Sollte die laufende Untersuchung die staatsbürgerliche Haltung von Polizistinnen und Polizisten nicht ausreichend beleuchten, "werde ich eine neue Studie in Auftrag geben", kündigte Faeser an. Zur Fragestellung gehöre dann auch Rassismus.

Faeser, die sich als Abgeordnete des hessischen Landtags eingehend mit den Taten des rechtsextremen NSU und der Ermordung des CDU-Politikers Walter Lübcke befasst hat, spricht sich auch für eine stärkere Kontrolle des Verfassungsschutzes aus. "Ich würde mehr Kontrolle nach den Erfahrungen mit dem NSU begrüßen", sagte Faeser. Mit grenzenlosem Vertrauen sei sie immer "sehr vorsichtig", das gelte auch für den Verfassungsschutz.

Angesichts der sich radikalisierenden Corona-Proteste sei auch Terror von rechts zu befürchten, warnte die Ministerin. "Ich nehme diese Gefahr sehr, sehr ernst." Faeser kündigte ein härteres Vorgehen gegen Hetze und die Radikalisierung im Netz an.

Vor allem der Messengerdienst Telegram rücke dabei ins Blickfeld. "Wir dulden dies nicht", sagte sie mit Blick auf Morddrohungen aus Telegram-Gruppen. "Wir schöpfen alle rechtlichen Möglichkeiten aus."

"Wir sind dran an den App-Betreibern Google und Apple“, so Faeser weiter. "Denn sie haben eine Verantwortung dafür, wenn Brandbeschleuniger für Hass und Gewalt in ihren App-Stores angeboten werden." Der Staat werde alles daran setzen, "dass solche Drohungen bei uns nicht mehr ungestraft veröffentlicht werden können und das gesellschaftliche Klima vergiften." Nach heutigem Recht müssten strafbare Inhalte binnen 24 Stunden gelöscht werden, sagte Faeser weiter. "Das werden wir durchsetzen."

Auch Gefahren durch islamistischen Extremismus bereiten Faeser "große Sorgen". Die Instabilität von Ländern wie Afghanistan erhöhe die Risiken und könne Rückzugsräume schaffen. "Wir müssen sehr wachsam sein", sagte Faeser.
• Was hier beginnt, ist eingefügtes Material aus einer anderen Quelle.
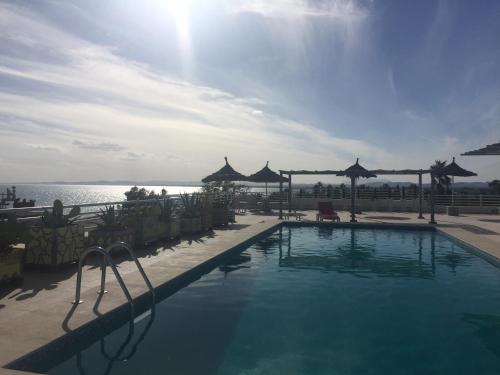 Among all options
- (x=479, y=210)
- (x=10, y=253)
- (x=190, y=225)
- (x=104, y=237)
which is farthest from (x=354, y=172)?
(x=10, y=253)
"Mich alarmiert das Terrorrisiko im Inland", sagte Faeser weiter. In den nächsten Jahren würden die ersten Islamisten nach dem Verbüßen ihrer Freiheitsstrafe aus der Haft entlassen. "Wir müssen jetzt dringend klären: Wie gefährlich sind sie noch für die Gesellschaft?", sagte sie.